Another difference between Chip and Jake: Apart from playing ball, Chip didn’t spend much time outdoors. He worked at State Drug. (His girlfriend, Mitzi Savrill, was the cashier.) Jake, however, loves nature. Unclear is whether nature loves him back.
Twice this summer, Fromm has been injured in water-related incidents. The first came when he got a fishing hook stuck in his leg. The barb, as Edward Aschoff related for ESPN, was not his. It belonged to his buddy Jordan Rowe, whose attempts to land a bass proved overzealous.
(Digression No. 4: Were Bee telling the tale, Rowe would be known as Fishy.)
Now Fromm has broken his left hand in what is being called “a freak boating accident.” As Chip Towers of DawgNation reports, Fromm was a passenger in a boat on Lake Burton when a water skier fell and the handle of the recoiling tow rope struck the quarterback’s left mitt.

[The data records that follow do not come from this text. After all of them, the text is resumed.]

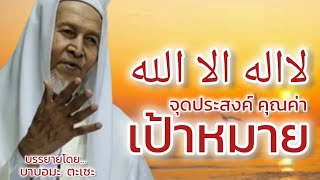 จุดประสงค์...คุณค่า...เป้าหมาย ลาอีลาฮาอิลลัลลอฮฺ (لااله الا الله ) / บรรยายโดยบาบอมะ ตะเซะ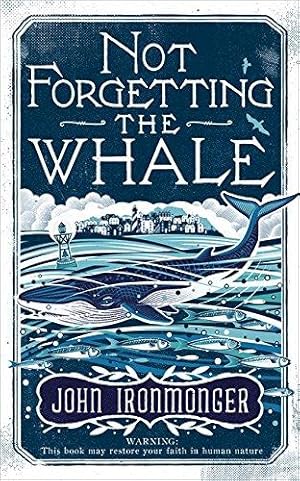 Seller image for Not Forgetting The Whale for sale by WeBuyBooks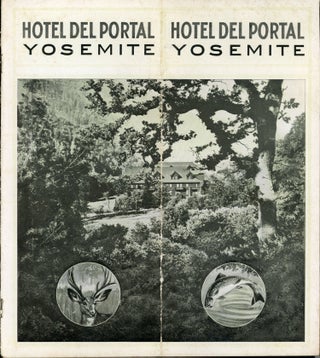 #167147) Hotel Del Portal Yosemite [cover title]. HOTEL DEL PORTAL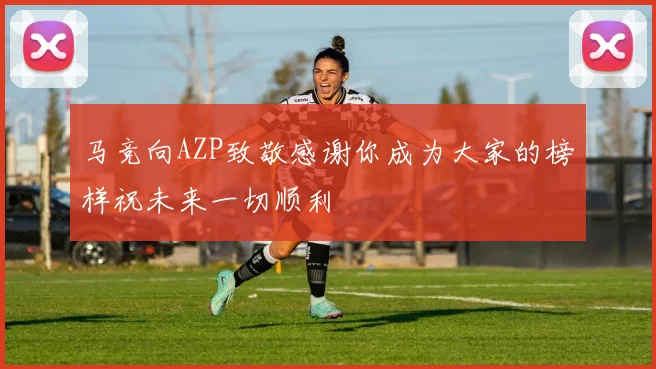 马竞向AZP致敬感谢你成为大家的榜样祝未来一切顺利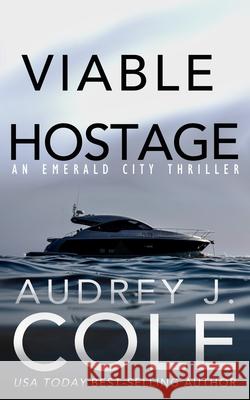 Viable Hostage Audrey J. Cole 9781089545170 Independently Published - książka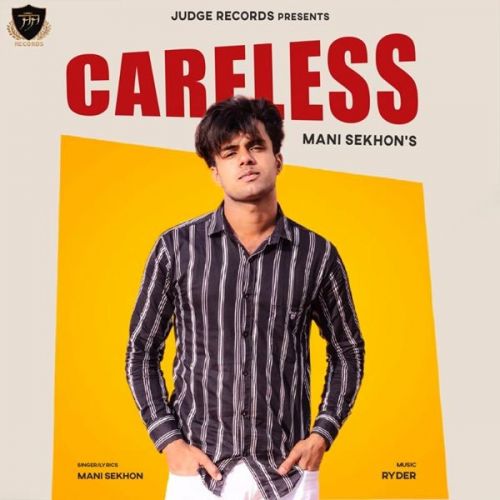 Careless Mani Sekhon mp3 song download, Careless Mani Sekhon full album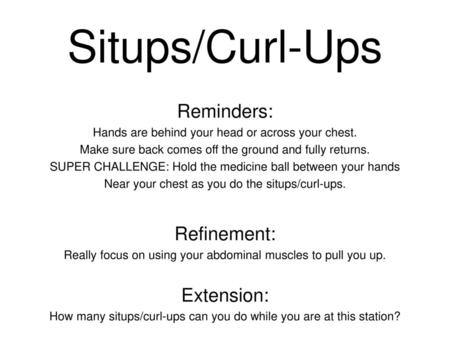 Situps/Curl-Ups Reminders: Refinement: Extension: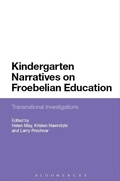 Cover: Kindergarten Narratives on Froebelian Education - Bloomsbury Academic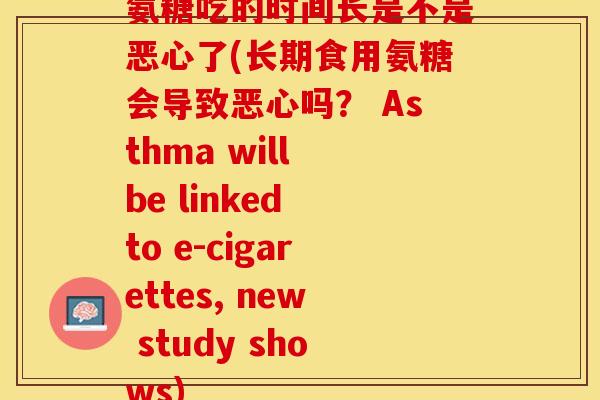 氨糖吃的时间长是不是恶心了(长期食用氨糖会导致恶心吗？ Asthma will be linked to e-cigarettes, new study shows)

That is, you’d have to say, freaky. Then again, most accidents are.
As fate would have it, Fromm’s broken hand is the one that matters less. He’s said to have resumed throwing footballs. Probably he should restrict this throwing to Georgia’s famous indoor facility. Bad things happen when he ventures outside. Is there no drugstore in Athens that needs a summer employee?
(Digression No. 5: This is only the second-most-famous fracture involving a Georgia Bulldog. During a Saturday scrimmage before the 1982 season, Herschel Walker broke his thumb. The late, great AJC sports editor Van McKenzie tore up his Sunday section and scrambled all reporters. The result – Van conjured up a double truck, meaning adjoining full pages, of thumb coverage – became a source of awe in the industry. “They did this on deadline? Unbelievable.”)
(Digression No. 6: Van commissioned a drawing of a hand with a heavily bandaged thumb to run across the double truck. That was the cherry on top.)
(Digression No. 7: Six months later, Van hired this correspondent. It was his one mistake. But I’d seen the amazing double truck, and I really wanted to work here.)
(Digression No. 8: The finest moment of Vince Dooley’s distinguished career involved Herschel’s thumb. Dooley had insisted there was no way his tailback would play in the opener against Clemson, the reigning national champ, on Labor Day night. In the second quarter, Herschel entered the game. (Yeah, Vince’s finest moment involved a fib.) With Sanford Stadium going nuts and Clemson’s splendid defenders locked onto No. 34, John Lastinger faked a handoff to you-know-who and gave the ball to Tron Jackson, known as Elec-Tron, on a reverse. It would have been a 41-yard touchdown, not to mention the slickest play ever, if Georgia hadn’t been flagged for holding.)
Apologies for all these asides. Apologies also for making much ado over what seems not very much. Fromm is apparently OK, unless he decides to walk his dog. (No idea if he has one, but wouldn’t it be great if he did and it was – as happened within the Dooley household – named Herschel?) To borrow from a movie title that became a silly Braves ad campaign, young Jake is having one crazy summer. He needs to step lightly and, above all, not to try scuba diving.
Then again, Georgia does have the hotshot freshman Justin Fields, whom Clair Bee might dub Justin Case.